(Dataset entries)
----------
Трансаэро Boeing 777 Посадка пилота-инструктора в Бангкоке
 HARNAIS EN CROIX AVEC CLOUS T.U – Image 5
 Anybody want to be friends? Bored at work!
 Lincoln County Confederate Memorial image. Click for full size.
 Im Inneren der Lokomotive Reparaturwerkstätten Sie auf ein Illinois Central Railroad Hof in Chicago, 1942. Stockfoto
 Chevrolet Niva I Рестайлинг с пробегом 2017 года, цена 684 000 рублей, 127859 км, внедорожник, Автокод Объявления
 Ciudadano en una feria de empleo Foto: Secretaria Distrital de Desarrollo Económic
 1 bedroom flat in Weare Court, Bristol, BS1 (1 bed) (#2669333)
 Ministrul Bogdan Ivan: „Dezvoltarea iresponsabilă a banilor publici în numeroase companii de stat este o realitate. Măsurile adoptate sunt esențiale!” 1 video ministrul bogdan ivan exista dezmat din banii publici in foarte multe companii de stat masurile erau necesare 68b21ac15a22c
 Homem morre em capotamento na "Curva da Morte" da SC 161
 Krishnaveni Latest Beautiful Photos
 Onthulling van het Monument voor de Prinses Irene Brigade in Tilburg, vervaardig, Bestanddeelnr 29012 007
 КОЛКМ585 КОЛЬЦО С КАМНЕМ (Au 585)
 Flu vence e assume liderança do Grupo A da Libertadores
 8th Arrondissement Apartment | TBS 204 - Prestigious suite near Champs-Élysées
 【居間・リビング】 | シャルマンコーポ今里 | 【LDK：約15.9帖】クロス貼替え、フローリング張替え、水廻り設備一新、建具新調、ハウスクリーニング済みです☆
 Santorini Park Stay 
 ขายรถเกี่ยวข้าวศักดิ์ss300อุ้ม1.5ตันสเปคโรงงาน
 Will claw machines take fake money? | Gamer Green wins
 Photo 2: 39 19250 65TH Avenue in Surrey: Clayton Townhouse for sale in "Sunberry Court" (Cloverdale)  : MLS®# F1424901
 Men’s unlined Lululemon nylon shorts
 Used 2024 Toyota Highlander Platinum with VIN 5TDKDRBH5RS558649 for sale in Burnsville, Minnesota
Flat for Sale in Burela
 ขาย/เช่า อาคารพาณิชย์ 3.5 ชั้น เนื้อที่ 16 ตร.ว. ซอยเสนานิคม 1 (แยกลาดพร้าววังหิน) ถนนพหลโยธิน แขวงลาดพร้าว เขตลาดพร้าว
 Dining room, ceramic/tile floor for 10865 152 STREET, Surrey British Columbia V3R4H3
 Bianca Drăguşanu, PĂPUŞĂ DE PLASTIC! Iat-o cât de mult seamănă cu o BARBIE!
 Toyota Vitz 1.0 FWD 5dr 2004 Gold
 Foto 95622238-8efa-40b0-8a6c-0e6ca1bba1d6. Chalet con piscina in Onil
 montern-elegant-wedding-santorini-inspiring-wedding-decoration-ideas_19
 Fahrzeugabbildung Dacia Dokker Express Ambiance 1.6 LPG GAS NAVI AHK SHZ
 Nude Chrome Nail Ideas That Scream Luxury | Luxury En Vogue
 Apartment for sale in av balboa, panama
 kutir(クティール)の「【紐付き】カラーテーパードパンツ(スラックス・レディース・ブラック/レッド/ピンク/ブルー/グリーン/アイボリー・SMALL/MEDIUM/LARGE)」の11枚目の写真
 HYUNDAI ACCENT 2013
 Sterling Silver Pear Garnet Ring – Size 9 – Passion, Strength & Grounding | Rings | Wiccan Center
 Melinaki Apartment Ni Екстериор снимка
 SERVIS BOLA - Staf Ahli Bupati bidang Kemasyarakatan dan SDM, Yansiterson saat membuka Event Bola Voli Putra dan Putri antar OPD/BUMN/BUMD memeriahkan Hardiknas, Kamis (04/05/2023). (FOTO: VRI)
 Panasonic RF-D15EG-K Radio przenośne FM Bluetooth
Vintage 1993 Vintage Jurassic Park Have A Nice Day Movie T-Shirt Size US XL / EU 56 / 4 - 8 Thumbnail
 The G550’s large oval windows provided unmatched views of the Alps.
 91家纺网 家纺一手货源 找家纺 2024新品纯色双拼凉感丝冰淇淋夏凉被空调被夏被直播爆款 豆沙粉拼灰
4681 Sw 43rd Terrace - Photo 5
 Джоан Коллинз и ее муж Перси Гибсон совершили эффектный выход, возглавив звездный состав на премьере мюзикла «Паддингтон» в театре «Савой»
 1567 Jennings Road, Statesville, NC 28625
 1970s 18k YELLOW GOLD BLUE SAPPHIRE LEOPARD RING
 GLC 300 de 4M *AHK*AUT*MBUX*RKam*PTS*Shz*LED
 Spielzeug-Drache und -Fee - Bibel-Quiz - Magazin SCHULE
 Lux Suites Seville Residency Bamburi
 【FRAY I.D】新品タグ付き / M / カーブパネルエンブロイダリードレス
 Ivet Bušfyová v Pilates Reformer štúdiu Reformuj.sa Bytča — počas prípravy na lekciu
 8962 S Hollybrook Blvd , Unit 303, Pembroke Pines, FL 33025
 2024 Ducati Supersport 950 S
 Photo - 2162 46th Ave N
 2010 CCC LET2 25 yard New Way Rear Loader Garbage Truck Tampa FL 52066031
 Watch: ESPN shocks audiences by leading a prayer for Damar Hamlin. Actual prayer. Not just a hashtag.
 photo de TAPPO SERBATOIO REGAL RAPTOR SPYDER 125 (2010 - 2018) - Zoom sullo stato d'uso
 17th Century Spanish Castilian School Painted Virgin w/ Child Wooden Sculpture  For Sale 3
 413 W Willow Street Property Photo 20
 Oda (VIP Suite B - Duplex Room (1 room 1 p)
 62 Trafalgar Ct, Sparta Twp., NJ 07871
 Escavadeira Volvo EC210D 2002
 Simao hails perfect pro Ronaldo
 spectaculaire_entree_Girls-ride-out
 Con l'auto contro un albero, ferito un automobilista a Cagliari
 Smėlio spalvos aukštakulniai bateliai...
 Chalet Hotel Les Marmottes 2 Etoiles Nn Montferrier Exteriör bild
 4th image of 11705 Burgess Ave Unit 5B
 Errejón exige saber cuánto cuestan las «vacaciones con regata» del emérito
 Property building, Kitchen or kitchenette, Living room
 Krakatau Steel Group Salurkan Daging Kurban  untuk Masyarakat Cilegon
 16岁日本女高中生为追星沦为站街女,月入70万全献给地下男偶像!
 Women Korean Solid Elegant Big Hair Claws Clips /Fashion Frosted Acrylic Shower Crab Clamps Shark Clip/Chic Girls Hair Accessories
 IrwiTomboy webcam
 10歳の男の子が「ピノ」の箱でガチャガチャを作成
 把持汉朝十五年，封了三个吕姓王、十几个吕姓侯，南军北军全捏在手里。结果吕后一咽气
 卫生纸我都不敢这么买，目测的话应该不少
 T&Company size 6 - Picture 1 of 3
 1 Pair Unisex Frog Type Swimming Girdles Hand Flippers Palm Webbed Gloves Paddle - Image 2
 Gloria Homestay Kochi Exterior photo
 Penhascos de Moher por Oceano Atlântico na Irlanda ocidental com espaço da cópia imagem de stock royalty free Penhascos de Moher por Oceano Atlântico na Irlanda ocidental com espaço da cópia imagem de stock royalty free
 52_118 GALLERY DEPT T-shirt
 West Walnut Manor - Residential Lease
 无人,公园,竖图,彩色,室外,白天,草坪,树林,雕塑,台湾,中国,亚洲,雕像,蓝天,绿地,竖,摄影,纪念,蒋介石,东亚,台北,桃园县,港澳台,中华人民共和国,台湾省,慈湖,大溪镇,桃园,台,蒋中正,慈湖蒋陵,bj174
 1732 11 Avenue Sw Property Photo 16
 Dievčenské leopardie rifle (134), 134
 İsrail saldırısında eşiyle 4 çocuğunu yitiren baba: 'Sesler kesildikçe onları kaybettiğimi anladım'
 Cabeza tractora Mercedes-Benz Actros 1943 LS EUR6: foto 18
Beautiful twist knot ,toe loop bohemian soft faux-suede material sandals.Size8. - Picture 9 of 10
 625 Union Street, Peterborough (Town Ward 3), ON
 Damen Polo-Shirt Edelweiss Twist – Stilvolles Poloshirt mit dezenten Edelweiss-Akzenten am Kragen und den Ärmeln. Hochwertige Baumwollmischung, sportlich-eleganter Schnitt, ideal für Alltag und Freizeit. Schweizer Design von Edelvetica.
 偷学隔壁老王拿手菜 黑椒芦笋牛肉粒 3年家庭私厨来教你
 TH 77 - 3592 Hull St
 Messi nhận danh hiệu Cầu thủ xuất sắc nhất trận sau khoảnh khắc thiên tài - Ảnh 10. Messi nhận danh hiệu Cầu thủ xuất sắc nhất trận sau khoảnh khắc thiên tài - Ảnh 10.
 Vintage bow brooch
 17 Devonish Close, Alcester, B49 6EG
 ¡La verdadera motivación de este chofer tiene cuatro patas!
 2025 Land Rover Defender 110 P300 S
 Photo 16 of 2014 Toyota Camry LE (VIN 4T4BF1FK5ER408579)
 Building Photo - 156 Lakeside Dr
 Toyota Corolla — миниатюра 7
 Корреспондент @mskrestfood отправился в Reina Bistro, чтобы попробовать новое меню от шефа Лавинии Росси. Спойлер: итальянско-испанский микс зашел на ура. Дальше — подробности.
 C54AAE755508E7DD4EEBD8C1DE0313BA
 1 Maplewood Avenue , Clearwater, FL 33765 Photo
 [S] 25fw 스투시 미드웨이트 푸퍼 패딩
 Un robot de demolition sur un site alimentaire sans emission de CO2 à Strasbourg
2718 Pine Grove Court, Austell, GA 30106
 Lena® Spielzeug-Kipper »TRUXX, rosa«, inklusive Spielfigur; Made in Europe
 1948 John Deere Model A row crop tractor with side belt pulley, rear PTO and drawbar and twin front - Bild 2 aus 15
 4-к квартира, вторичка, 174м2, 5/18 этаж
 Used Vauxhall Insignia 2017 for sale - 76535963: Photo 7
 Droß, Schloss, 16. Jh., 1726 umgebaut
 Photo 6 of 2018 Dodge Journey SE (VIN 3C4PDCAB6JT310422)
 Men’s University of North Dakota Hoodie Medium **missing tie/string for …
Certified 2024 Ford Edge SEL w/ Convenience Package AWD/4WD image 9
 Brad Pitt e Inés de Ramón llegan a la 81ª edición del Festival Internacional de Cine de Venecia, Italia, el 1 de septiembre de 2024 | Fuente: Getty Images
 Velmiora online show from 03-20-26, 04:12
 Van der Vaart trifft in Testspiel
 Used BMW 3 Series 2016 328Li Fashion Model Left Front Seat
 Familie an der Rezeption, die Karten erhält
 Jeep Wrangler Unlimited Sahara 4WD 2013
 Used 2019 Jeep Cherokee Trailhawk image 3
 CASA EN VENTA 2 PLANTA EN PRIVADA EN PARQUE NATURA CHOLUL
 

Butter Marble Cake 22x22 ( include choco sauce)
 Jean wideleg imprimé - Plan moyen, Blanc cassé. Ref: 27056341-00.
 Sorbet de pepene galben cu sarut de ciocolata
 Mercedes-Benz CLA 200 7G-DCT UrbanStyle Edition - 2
----------
-- Required work --
Beginning at the first line of the records, retype exactly every line up to and including the one with "Lincoln County Confederate".

-- Reply --
Трансаэро Boeing 777 Посадка пилота-инструктора в Бангкоке
 HARNAIS EN CROIX AVEC CLOUS T.U – Image 5
 Anybody want to be friends? Bored at work!
 Lincoln County Confederate Memorial image. Click for full size.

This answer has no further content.